Local Sentences and Mahlo Cardinals

TL;DR

This paper establishes the exact consistency strength of certain stretching theorems for local sentences, showing they are equivalent to the existence of n-Mahlo cardinals, thus linking model theory with large cardinal axioms.

Contribution

It proves that the stretching principles for local sentences are equivalent to the existence of n-Mahlo cardinals, resolving an open problem in the field.

Findings

Stretching principles are equivalent to n-Mahlo cardinals.

Constructed local sentences with models of all non-Mahlo order types.
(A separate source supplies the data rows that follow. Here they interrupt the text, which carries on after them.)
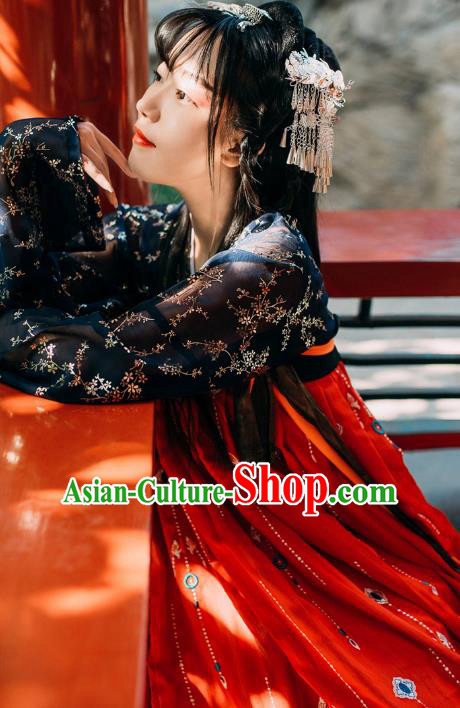 Chinese Ancient Palace Lady Hanfu Han Dynasty Imperial Concubine Queen Embroidered Historical Costumes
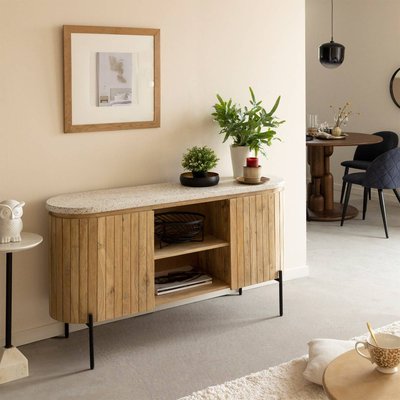 Meuble sous vasque en bois de manguier et terrazzo  LOU MADE IN MEUBLES 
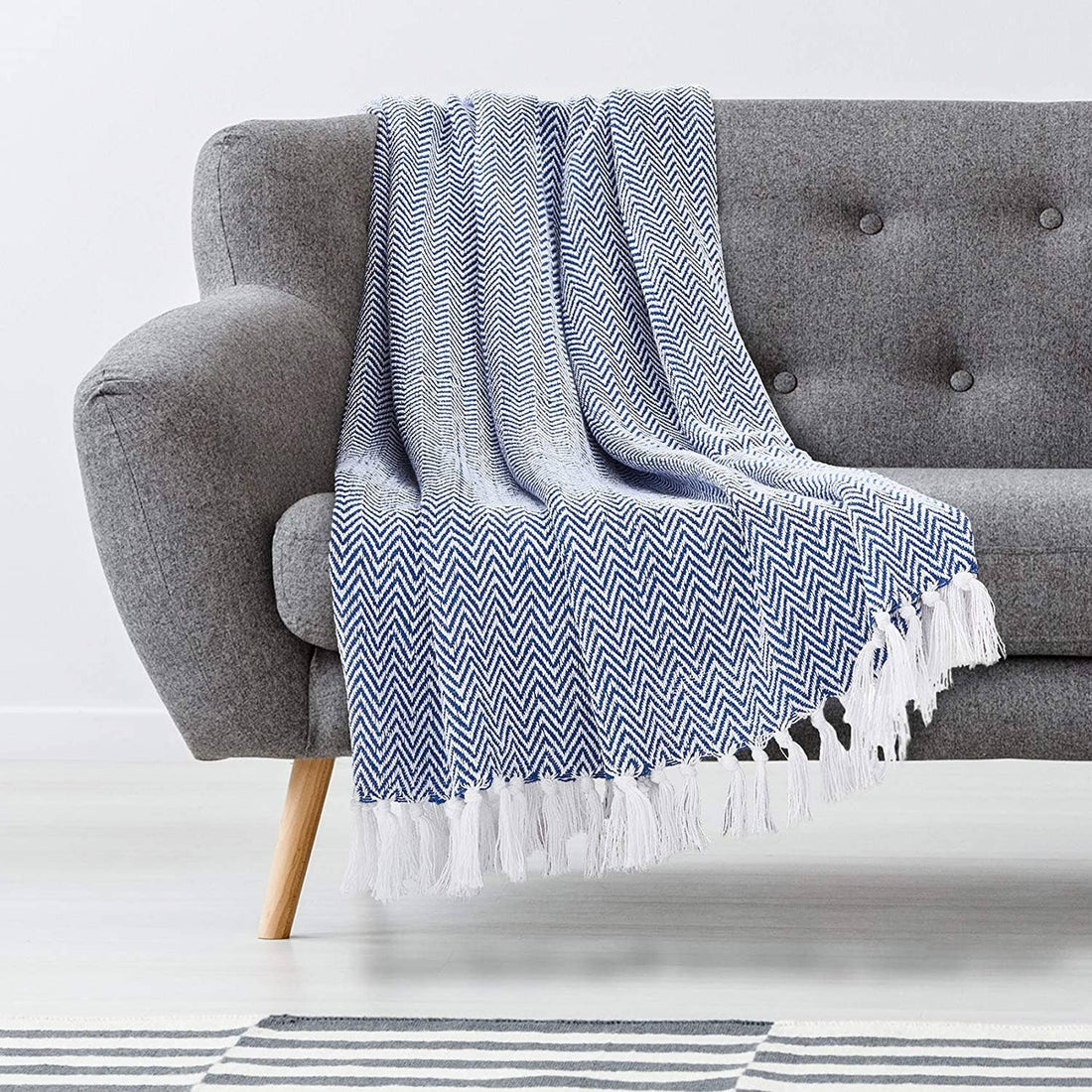 Cream Herringbone Throw Blanket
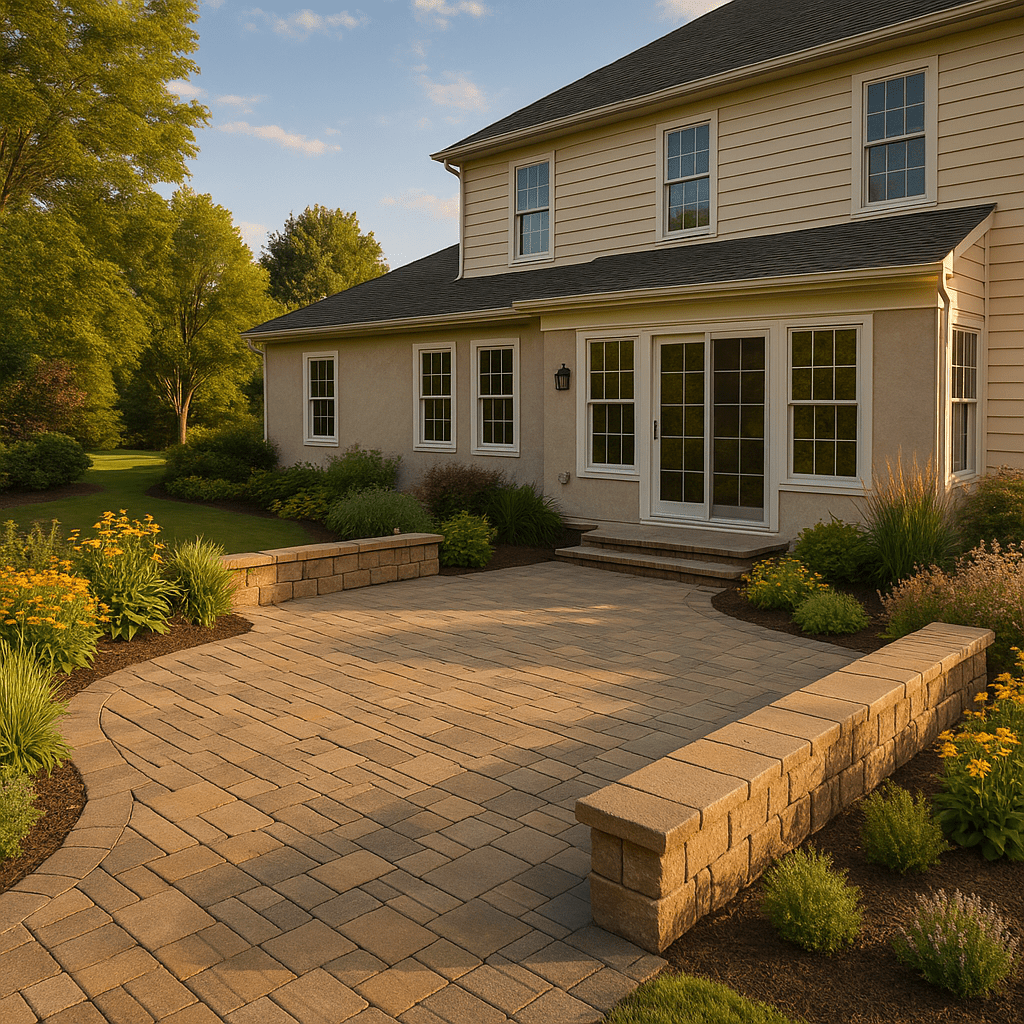 Multi-pattern paver patio with seat wall and planted borders at a Pennsylvania home
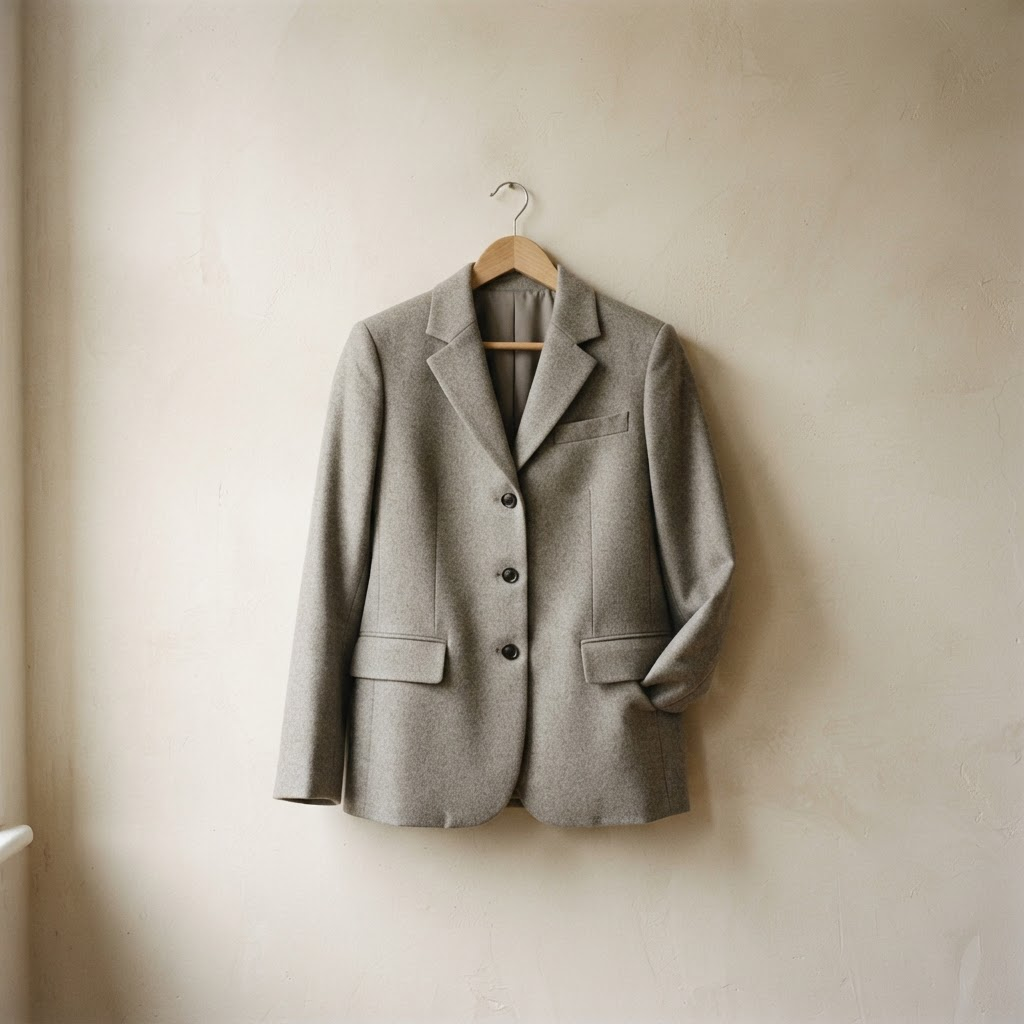A plain grey wool blazer on a wooden hanger against a warm plaster wall — a base jacket before its transformation
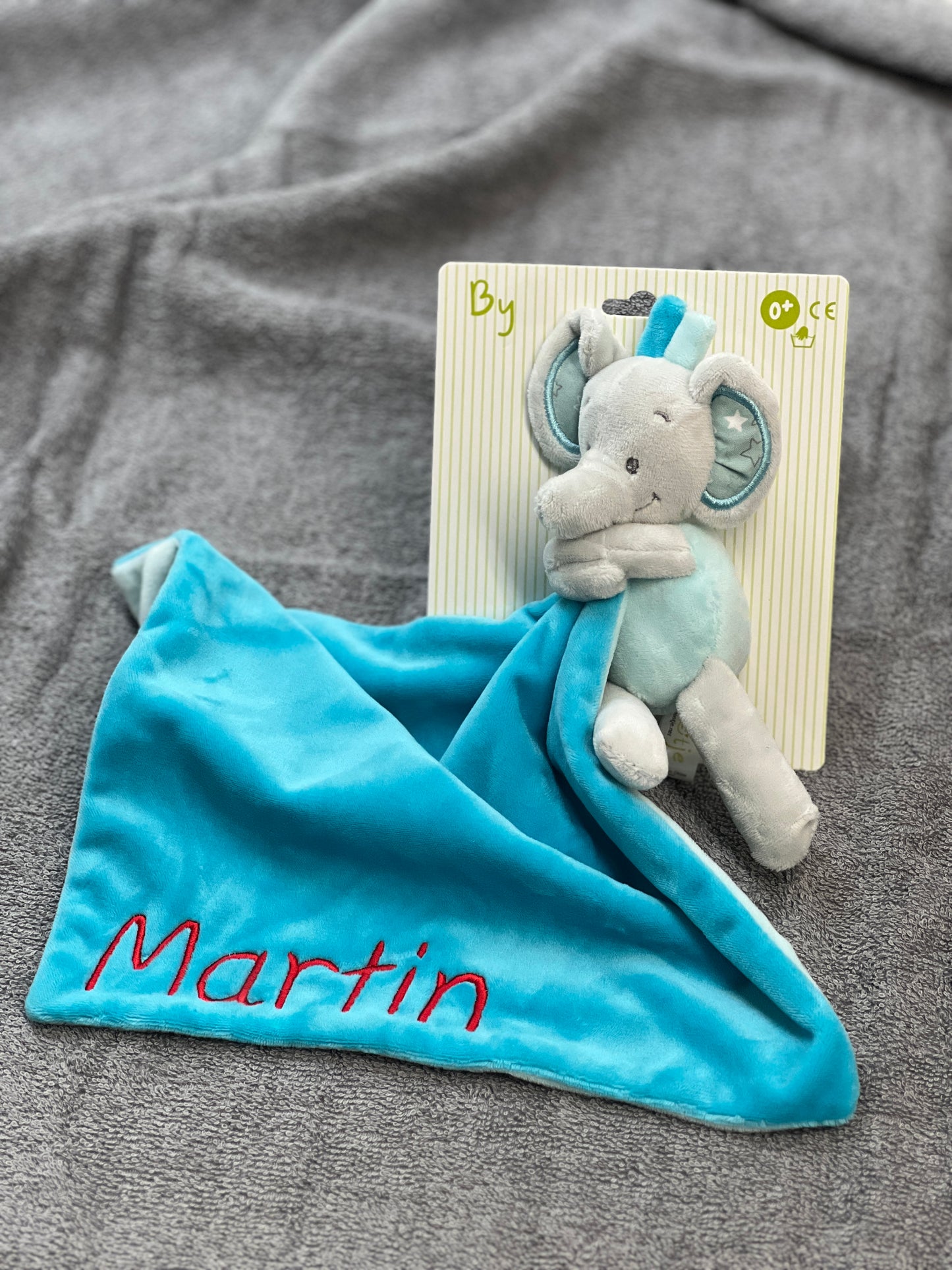 Schmusetuch Elefant blau (personalisiert)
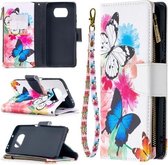 Voor Xiaomi Mi Poco X3 Gekleurde Tekening Patroon Rits Horizontale Flip Leren Case met Houder & Kaartsleuven & Portemonnee (Twee Vlinders)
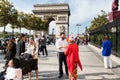 PARIS - OCTOBER 14, 2014: Arc de Triomphe against nice blue sky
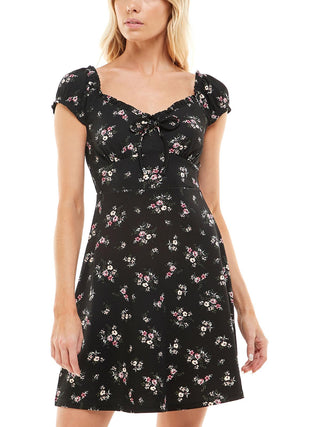 Vestido curto estampado floral Ultra Flirt Junior, preto, tamanho grande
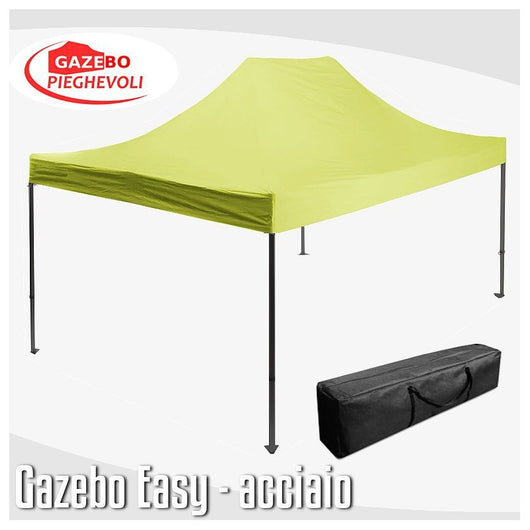 Gazebo 3x4,5 m giallo pieghevole portatile estendibile richiudibile estensibile acciaio SENZA laterali per fiere eventi stand chiosco tenda tendone mercato mercatino  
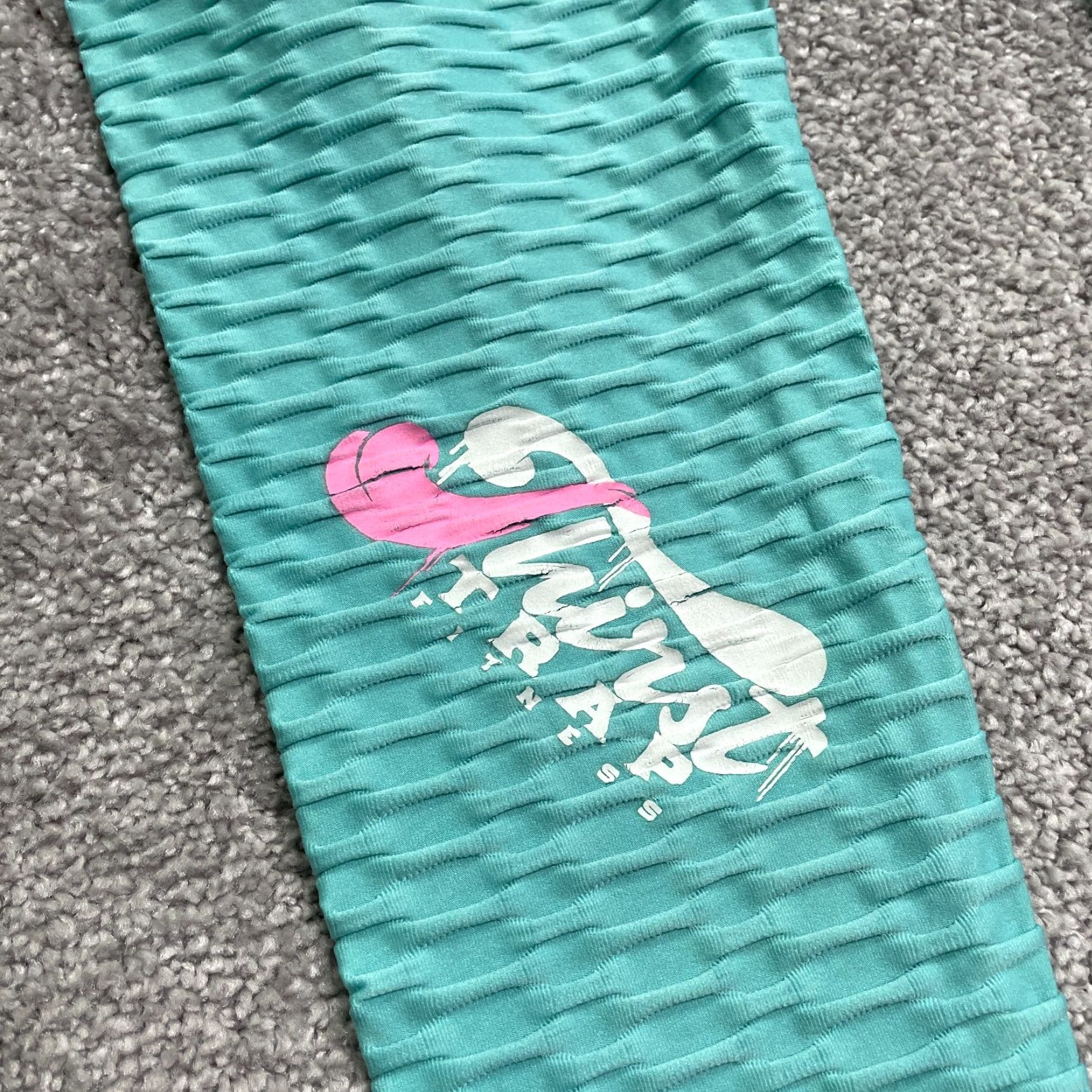 Vintage Thirst Trap Leggings Womens M Green Textured Compression Fit Athletic Skinny Pull On Inseam 27.5 in Dress: Leggings? Size 32" / US 10 / IT 46 - 6 Thumbnail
Connected model-theoretic properties with large cardinal hypotheses.

Abstract

Local sentences were introduced by J.-P. Ressayre who proved certain remarkable stretching theorems establishing the equivalence between the existence of finite models for these sentences and the existence of some infinite well ordered models. Two of these stretching theorems were only proved under certain large cardinal axioms but the question of their exact (consistency) strength was left open in [O. Finkel and J.-P. Ressayre, Stretchings, Journal of Symbolic Logic, Volume 61 (2), 1996, p. 563-585 ]. Here, we solve this problem, using a combinatorial result of J. H. Schmerl. In fact, we show that the stretching principles are equivalent to the existence of n-Mahlo cardinals for appropriate integers n. This is done by proving first that for each integer n, there is a local sentence phi_n which has well ordered models of order type alpha, for every infinite ordinal alpha > omega which is not an n-Mahlo cardinal.